Is Roger Federer’s Worst Surface Now Grass?
I semi-sarcastically posed this question last night, and I’ll ask it again: Is Roger Federer’s worst surface now grass? I bring this up because many of us, myself included, presume that Federer plays his best tennis on grass. He’s won countless Wimbledons, nearly as many Halle titles and of course he beat the great Pete Sampras on the green stuff.
But those accomplishments came years ago.
In recent times, Federer’s struggled on the lawn. Since turn of the decade in 2010 and including today’s stunning loss to Tommy Haas at Halle, Federer is 0-4 in grass tournaments, losing twice in the Wimbledon quarterfinals and twice in the Halle finals.

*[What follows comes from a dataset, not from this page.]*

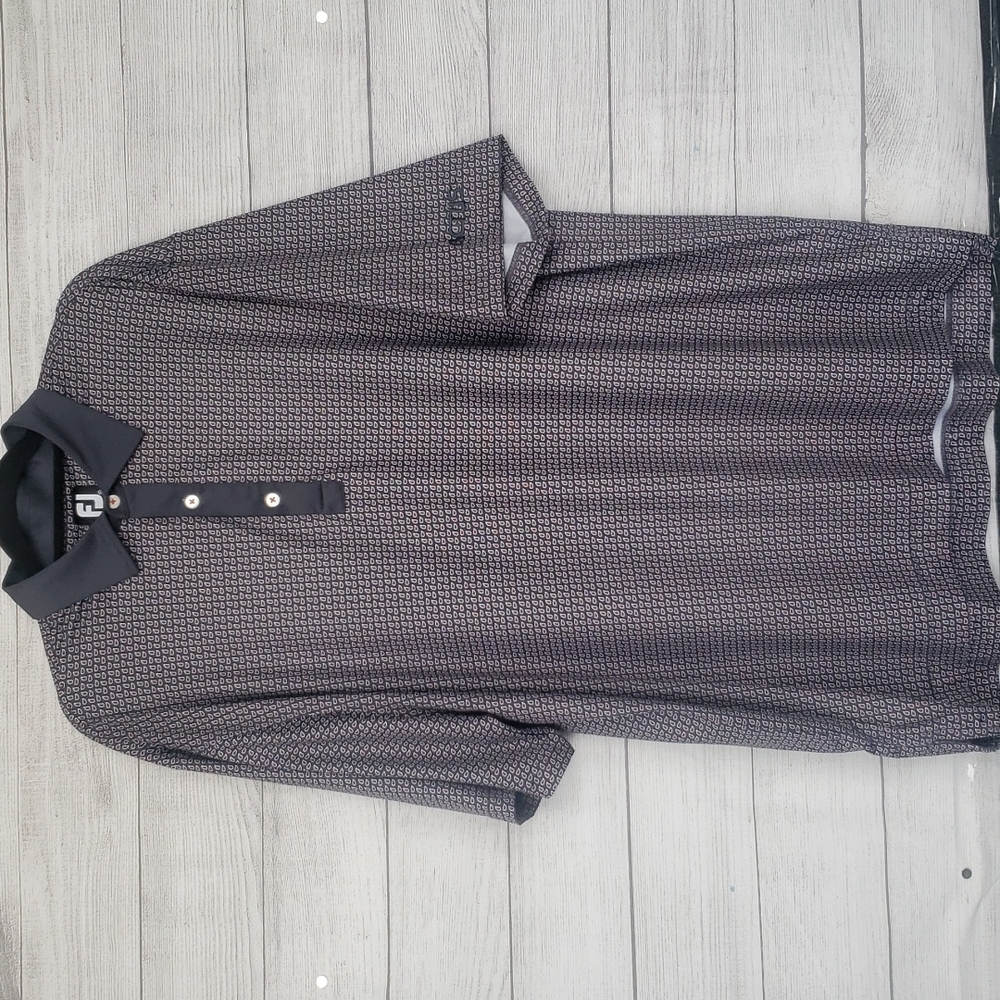FootJoy paisley polo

I know it’s a very small sample size – just four events with Wimbledon 2012 and Olympics to com – but Federer’s still winning on other surfaces and he’s good on grass, right? And what’s striking to me is Federer’s performance at Wimbledon. In 2010 he nearly lost first round at Wimbledon to Alejandro Falla – where else in recent memory was Federer so close to losing that early at a Slam? Wimbledon would be the last place I’d imagine such a shocker.
And then back-to-back quarterfinal exits. He lost to Tomas Berdych in 2010, then last year blew a two-set lead to JW Tsonga. Yet at the Australian, US Open and French Opens Federer continues to avoid pre-semifinal losses, but at Wimbledon he cannot? Since the start of 2005 Federer’s lost three times before the semifinals at a Slam. French is understandable but twice at Wimbledon??? Who would have believed that? Strange.

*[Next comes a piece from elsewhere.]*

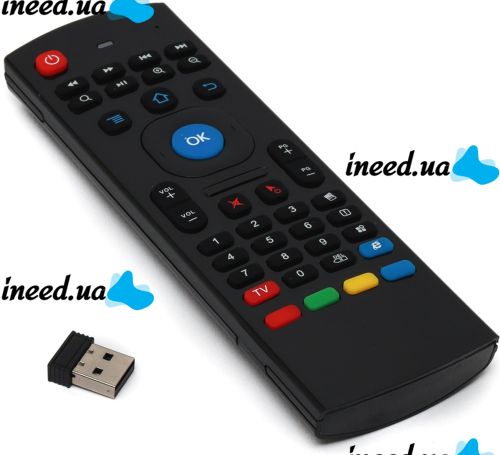 Air Mouse Keyboard Air Mouse Keyboard MX3 remote control with microphone and gyroscope for Smart-TV, Android TV Box, PC 2.4G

And the losses in Halle are odd, as well. Lleyton Hewitt? Now Haas? Perhaps as older generation players and rivals they see a weakness in Federer on grass and know how to exploit it? I don’t know.
So is grass now Federer’s weak spot? It could be. Grass demands big power and if you don’t have that, then speed and quickness (balls just don’t bounce up on grass like they do on other surfaces, hence the need for speed among other assets). Federer doesn’t have that easy power like Sampras, Andy Roddick, Richard Krajicek or Goran Ivanisevic had. Instead he had that speed, that timing, those electric reflexes that allowed him to track down shots and return first services that almost no one else could, ever. Amazing stuff really.
But now as he approaches 31 it’s only reasonable that Father Time has taken some of those reflexes and foot speed away. The net result is he’s no longer able to reach or return as many balls as he use to on the grass and of course in tennis if you can’t get to said ball then you can’t win the point. Simple.
Federer though has experience and as we’ve seen this weekend with Roger, Haas and David Nalbandian reaching finals that goes a long way, especially on a foreign surface like grass. So Roger is still going to be a factor at Wimbledon, and he may yet win it again, but maybe now it’s the other tournaments that offer Fed greener pastures.